葎花はここでようやく自分がバカみたいに突っ立ってることに気づいた。近くにあった椅子を引いてきて腰掛ける。そして今朝からの自分たちの身に起きたことを説明する。

「あいつら、マジでキレてるぞ。その一番強い妖怪が誰を襲ったと思う? 総理大臣だ」

 葎花はギョッとした。

「今までもそこそこの大物は狙ってたよ。でも妖怪が現れた途端にいきなり国のトップの首、穫りにきやがった。この世界を腐らしてる奴等に対してマジで容赦しねぇつもりだ」

「腐らしてるって……」

 葎花が口を噤んでしまったところで病室のドアがノックされた。相良が「どうぞ」と言うのとほぼ同時にドアが開けられて、葎花も何度か面識のある人物が現れた。

「時春さん、見事にやられちまいましたよ」

「いや、それでも思ってたよりは軽傷だ。首相官邸を襲った妖怪の死体の解剖結果が出た。どうやら二十年前にも多発していた狼型の中等妖怪だ。学者たちは白尾って名付けてるらしいが、正直、名前なんてどうでもいい」

 とにかく獰猛さが最大の特徴。実際、今回も大量に動員されたガードマンを次々に蹴散らしながらド派手に大暴れしてくれた。

 時の総理大臣、残馬康生。こいつも中々の悪人物だ。

「残馬総理もたしかに六煉が大っ嫌いなタイプだよな。国民のご機嫌取りばっかして支持率は上がってるけど、実際には私腹肥やすことしか考えてねぇ」

「完全週休三日制、これが史上最低の悪政だと自分も思ってます。無計画に一律に。一体あいつはこの国のなにを知ってるんでしょう」

「皆さん、もっとのんびり生きましょうだと? 世の中の歯車が全部ぶっ壊れるぞ。乱心か? あいつは」

 相楽も時春もかなりイラ立ってる。特に相楽のほうは普段はいたって温厚なお父さんだから葎花にとっては、怖い。

「あのさ、お父さん。時春さんも。さっきからどっちの味方なの? 残馬さんは被害者でしょ? あの人だって大怪我したんでしょ?」

「葎花、大人の話だ。聞きたくなければもう帰りなさい。お父さんは大丈夫だから」

 相楽はともかく、時春は葎花をまだお子様だと思ってる。事実、いくら剣術に長けているとはいえ、これから始まるであろう戦いに於いては、市井の人にすぎない。

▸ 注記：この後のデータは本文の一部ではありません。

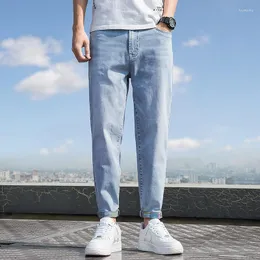 Jeans da uomo Uomo Primavera ed estate Moda Tendenza Tutto Classico Lavato Leggero Elastico Nove Punti Pantaloni Haren Quotidiano Casual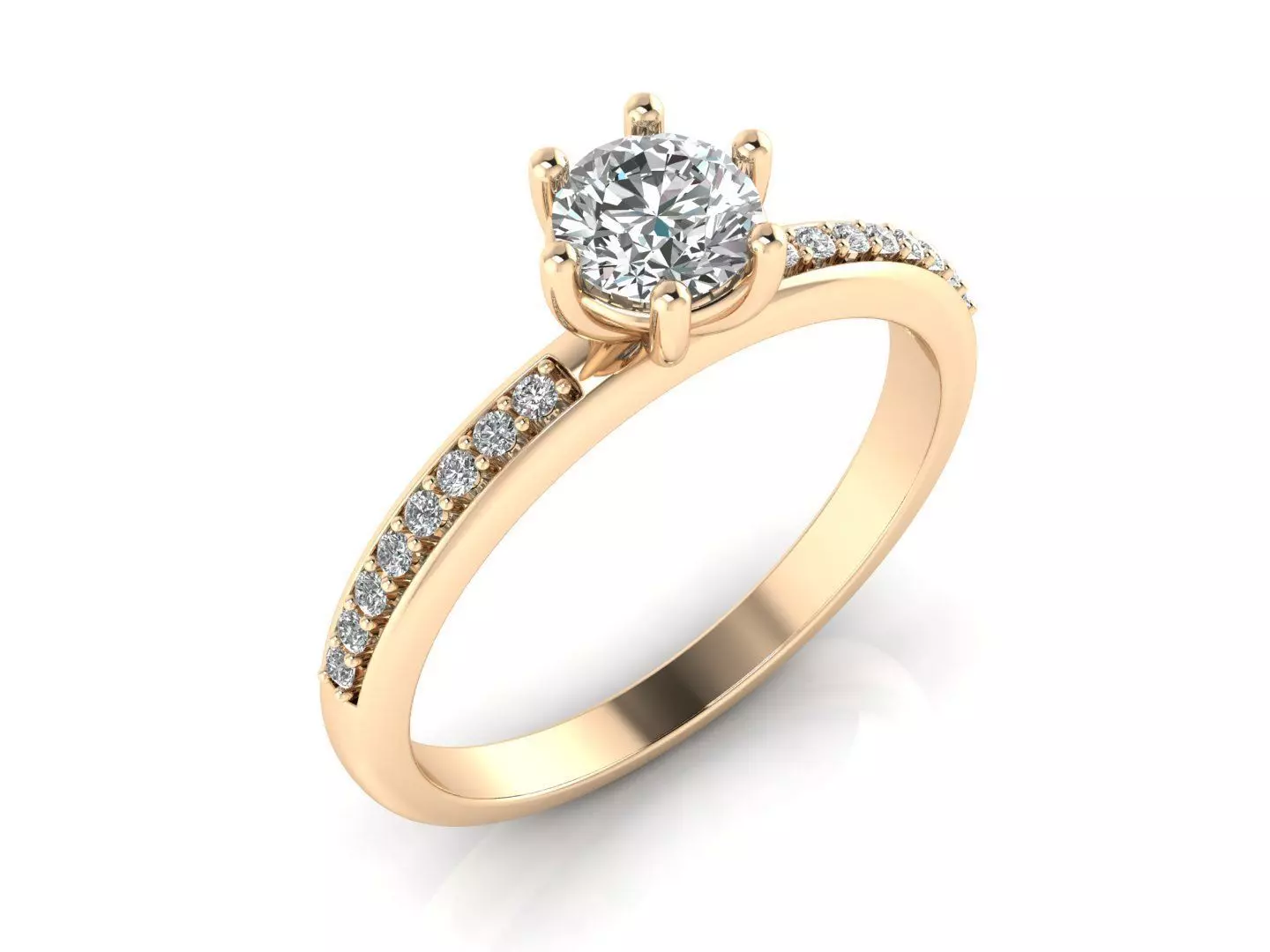 Ring 1 diamond engagement gold 3D print model_0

「帰らないよ。私だって、なにがなんだかわからないまま死ぬなんて絶対にイヤだ」

「死ぬなんて言うな。まだ悲観的になるには早い」

「葎花ちゃん、悪いけど俺たちはこのまま話を続けさせてもらうよ。俺はな、六煉の奴等の考え方にはむしろ賛成なんだ。もちろんやり方には反対だから絶対に止めてみせるけどな」

「葎花、やっぱりお前もう帰れ」

 子供に聞かせたくない話だと相楽は判断した。だが、久しぶりに会えた大好きな父にはっきり「邪魔」と言われたようで、葎花は泣きたくなった。

「無理をし過ぎるのはダメって風潮が一周回って人は一切努力しなくなった。そんな状態でどうやって夢や目標が持てる。結局、どいつもこいつもスマホに取り憑かれたまま家と職場を往復するだけ。休みの日は一日中、動画を見てそのコメント欄だけが居場所だ。七十億総引きこもり時代、そう遠くないうちにやってくるかもしれねぇぜ」

「ちょっと待って下さいよ! 考え方が極端過ぎます! 私の友達はそんな人たちばっかじゃない! みんな明るくげん、き、で優し……」

 思い浮かんだのは夏芽だけだった。「みんな」なんて言いながら、葎花が大好きなのは、ちょっとクールで取っつきにくいけど、いつも自分を支えてくれる大人びた、夏芽の笑顔だけだった。

「葎花、たしかにまだ絶望するには早い。でもこの世界はもう腐り果ててるって考える人間はたくさんいるのが事実だ」

「裏返せば、そんなんじゃダメだって、変えようとしてる人だってたくさんいるってことでしょ」

「この世界はもう全部みかんの箱なんだよ。腐敗を止めるのは簡単なことじゃない」

 限界だった。葎花は立ち上がって、まだ言いたいことはあったけど、なにも言えずに逃げ出した。

「二人とも、どうかしてるよ。バカ」

 病室を出てすぐの階段の踊り場にうずくまり葎花はひとしきり泣いた。

 家に帰った時には既に国中、つまりは禾南とその周辺の市町村が大混乱だとテレビのニュースが伝えていた。

「本当になるようになっちゃったよ。ヤバいね、これ」

 真はなんでそんなに落ち着いていられるの、と葎花はまた悲しくなってきた。